Dave’s interview with Kenny goes well though there were a few unusual elements to it. One was the fact that after being introduced he came out without any music being played. This is not a big deal by any stretch, but it felt unusual. The second abnormality was that in the middle of the interview, on a close-up of Kenny, text appeared on screen that read “Kenny Rogers — Has 9 #1 Country Songs.” Whether this was because Rogers was not thought to be recognizable enough to viewers tuning in mid-show, or for the edification of the liberal elite who would stay up for Dave but would never switch the dial to the country station I can’t say.
Kenny talks about what it was like to perform in Japan, what it was like to have a beard while in Japan, and informs Dave about Kobe beef before performing “Morning Desire” with Paul and the band.

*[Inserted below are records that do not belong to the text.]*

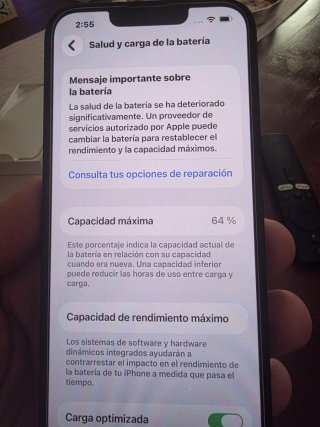 iPhone 13 Apple Con su caja, cable y 8 fundas.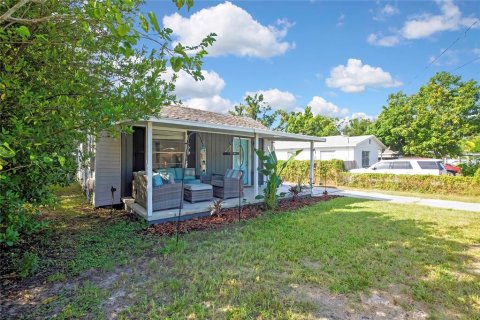 House in Tampa, Florida 3 bedrooms, 95.88 sq.m. № 2409005 - photo 30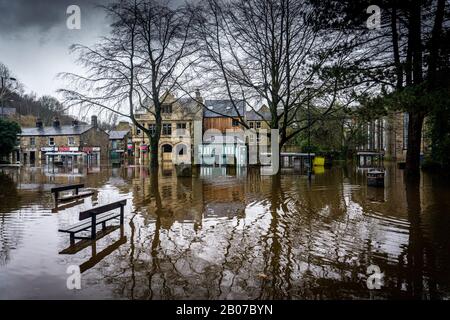 09/02/2020 Hebden Bridge - West Yorkshire - Hochwasser in der Stadt Stockfoto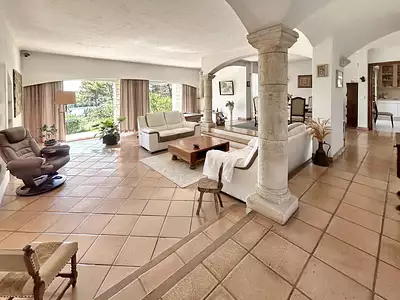 Maison, 352 m²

Next, Larry “Bud” Melman is set loose, wearing a truly terrible hairpiece, to perform a bit of cultural exchange and answer the questions that these citizens of Tokyo might have for their American hosts. As all my favorite Melman bits do, this segment goes off the rails immediately, but this time it’s not Bud’s fault. The first audience member stands up to ask a question and the translator begins to put it in English, but falters. “It is so heavy…The question is to do with the money…the, what is it called…” “Financial,” says the supposed Tokyo citizen, trying to help, but ruining the bit. Smile on his face, Dave shakes his head in mock frustration and begins to walk down the stairs, back on to the stage. The question ends up being about the weakening dollar versus the yen and Larry offers this sage advice: “In the coming currency collapse both the dollar and the yen will be worthless. Stick with the four G’s: gold, groceries, guns, and guts.”
Then baseball player and now Oklahoma state senator, Randy Bass, also appears on panel, as does Masahiro Takahashi, Japanese game show producer. However, my favorite part of the last section of the show is a pre-taped segment featuring Paul Shaffer in which he stands by a bookcase and tells the audience, “if you want to learn more about the subjects we covered in tonight’s show, you’ll find these volumes in your local library: Making it With Music by Kenny Rogers, Japan the Passing Lane: An Insider’s Account of Life in a Japanese Auto Factory by Satoshi Kamata, and Getting Into Pro Baseball by Mike Dyer. Remember reading makes books fun.”
On the whole, this is basically a regular episode of Late Night with what can barely be called a gimmick piled on top of it, but I truly love how much traction one can get out of a little bit of commitment to a premise, a little bit of lying, and a lot of silliness. Those elements right there are what made Dave’s show different from all the others and his absence will be felt.
Thanks for all the years of laughs, Dave. I’ll see you at the Paley Center.